On 15 June 2013, Australia’s top 370 emitters were required to pay 75 percent of the ‘carbon tax’ to the Government. That is, those companies needed to surrender to the Clean Energy Regulator (CER), sufficient Australian Carbon Credit Units (ACCUs) to acquit themselves of liability for 75 percent of their Co2-e (Carbon Dioxide equivalent) emissions for the 2012/2013 financial year.
Liability for the remaining 25 percent will not fall due until 1 February 2014. The Federal election has finally been called for 7 September. The Abbott Coalition has vowed to scrap the carbon tax if elected.
This creates an intriguing question: If an Abbott-led Coalition is elected into Government next month and holds true to their promise to revoke the carbon tax, will those companies still have to pay their 25 percent liability come 3 February 2014?
Partner Michele Muscillo and associate Ben Ricketts explore the possible outcomes flowing from the election, and why the short answer is, in all likelihood, yes.
The carbon tax revisited
If a company emitted more than 25,000 tonnes of CO2-e (carbon dioxide equivalent, which includes methane, nitrous oxide and perfluorocarbon - from aluminium production) during the 2012/2013 financial year, it was required to pay the carbon tax, effectively $23.00 per tonne for each tonne above the 25,000 tonne threshold (increasing to $24.15 per tonne for this financial year).
A company pays the carbon tax by “surrendering” to the CER, ACCUs, with each unit being equivalent to one tonne of CO2-e.
ACCUs can be either:
- purchased directly from and then surrendered to the CER;
- provided for free to trade exposed industries under the Government’s Jobs & Competitiveness Programme; or
- bought on the secondary market under the Carbon Farming Initiative.

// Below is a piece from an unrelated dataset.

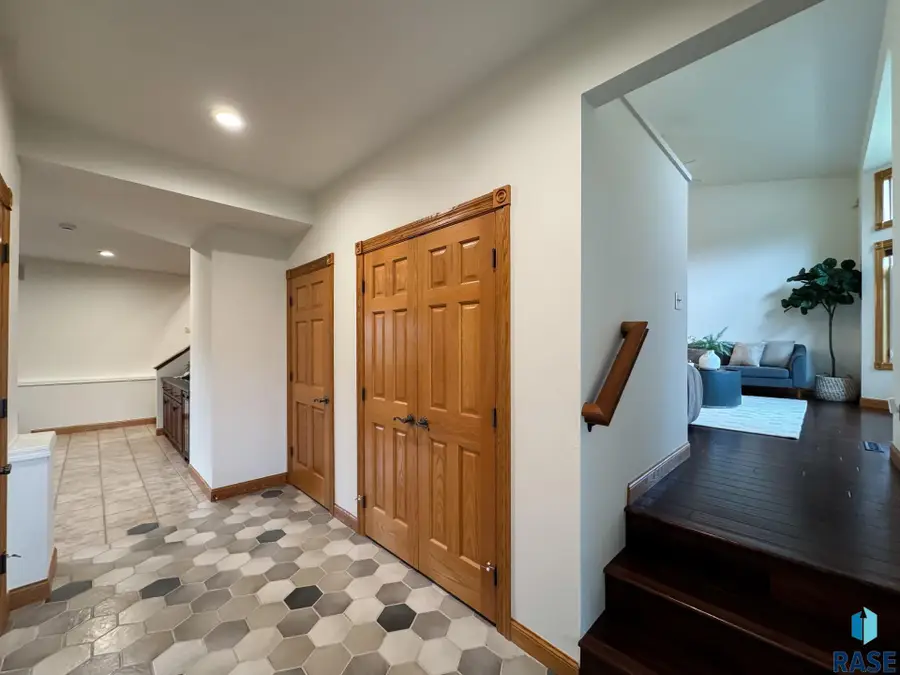 7205 W 32nd St, Sioux Falls, SD 57106 - #2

By 15 June 2013, liable entities were required to surrender sufficient units to acquit themselves of liability for 75 percent of those emissions above the 25,000 tonne per year threshold. A failure to do so resulted in a late payment penalty equivalent to 130 percent of the carbon tax, ie $29.90 per tonne. A further failure to pay a late payment penalty resulted in an additional 20 percent being added to that figure. So far, four companies have not met that deadline. In all likelihood, come 3 February 2014, those companies will still have to pay their remaining 25 percent liability, regardless of the outcome of the next election, as:
- in the absence of a definitive statement on the matter from the opposition, the general view is that the Government is unlikely to give up the amount of revenue the carbon tax will generate, particularly in a budget deficit year and in the face of the mining super profits tax failing to yield the anticipated millions of dollars revenue expected;
- should the Abbott-led Coalition win power, any repeal of the carbon tax will likely take some time. Opposition Climate Change spokesman Greg Hunt indicated his party’s aim is to repeal the carbon tax within six months. The remaining 25 percent liability will fall due under five months. Any legislation to repeal the carbon tax will need to be drafted, debated before Parliament and supported by the Senate before being passed; and
- if the Rudd Labour Government remains in power, the current carbon tax which originally was set to be fixed for a three year period, will be reduced to a two year period, before converting to an emissions trading scheme from 1 July 2014. Liability for the carbon tax will remain in place until then.
Unless there is a successful High Court challenge to the carbon tax (and currently there is one such challenge before the High Court) whereby the High Court grants an injunction to the successful applicant suspending the operation of the carbon tax, it is unlikely that companies will be able to escape liability for the remaining 25 percent due on 3 February 2014.
We will keep you up to date with how this scenario progresses.